Hamza Nawaz, 24, and Mohommod Nawaz, 30, had admitted going to the camp in August last year and were caught by police at Calais as they tried to return home just weeks later.
The younger brother was jailed for three years at the Old Bailey while the older sibling, “the prime instigator” of the plan, who was on licence at the time and brought home AK-47 ammunition as a “trophy”, was sent down for four-and-a-half years.
The judge Christopher Moss QC told them: “You were in training both of you while you were there to support the rebel fighting in Syria. In fairness to you both there is no evidence of you actually engaged in such fighting.”
At an Old Bailey hearing in May both men pleaded guilty to conspiring to attend a place used for terrorist training between January 1 2012 and September 16 2013.
Mohommod Nawaz also pleaded guilty to having ammunition without a firearms certificate in relation to the ‘’trophy’’ bullets found in the gun. The maximum sentence for attending a terrorist training camp is 10 years in jail.

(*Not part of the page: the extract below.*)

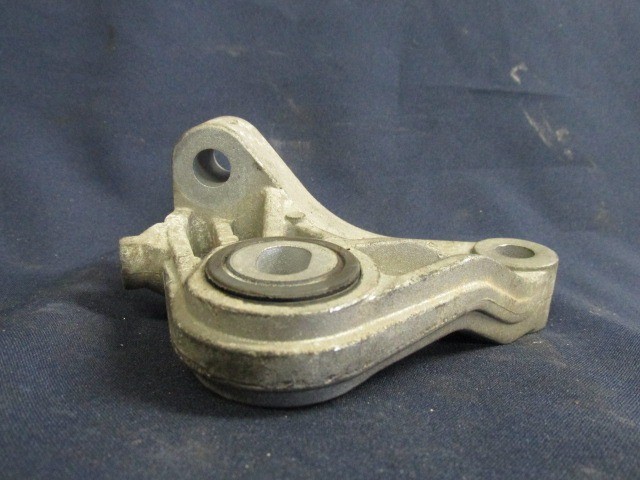 Fiat Grande Punto és Alfa Romeo Mito 55700657 számú alsó kitámasztó gumibak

Prosecutor Kate Wilkinson said the family of the brothers reported them missing on August 25 last year after they failed to come home from a night out in Walthamstow, east London.
They claimed they had gone to Scotland to do charity work despite a text from Hamza to say: “we’ve left to come to Syria. We know everyone will be angry with what we’ve done but its something we wanted to do.”
Ms Wilkinson suggested the reason why they did not want to tell family what they were doing was because Mohommod was on licence at the time having been jailed for six years in 2009 for blackmail, false imprisonment, kidnap and wounding.
The court heard they were stopped at Calais on a ferry back to the UK on September 13 last year. A search of their car uncovered five 39mm rifle cartridges for use in an AK-47 type rifle, mobile phones, a balaclava, heavy duty clothes and travel documents.
Details of their travel plans to go by car to Lyon in France and then by air to Turkey bound for the Syrian border were found on a laptop in the bedroom of the older brother.
Police also uncovered 19 photographs and videos from their time in Syria on an iPhone, the court heard.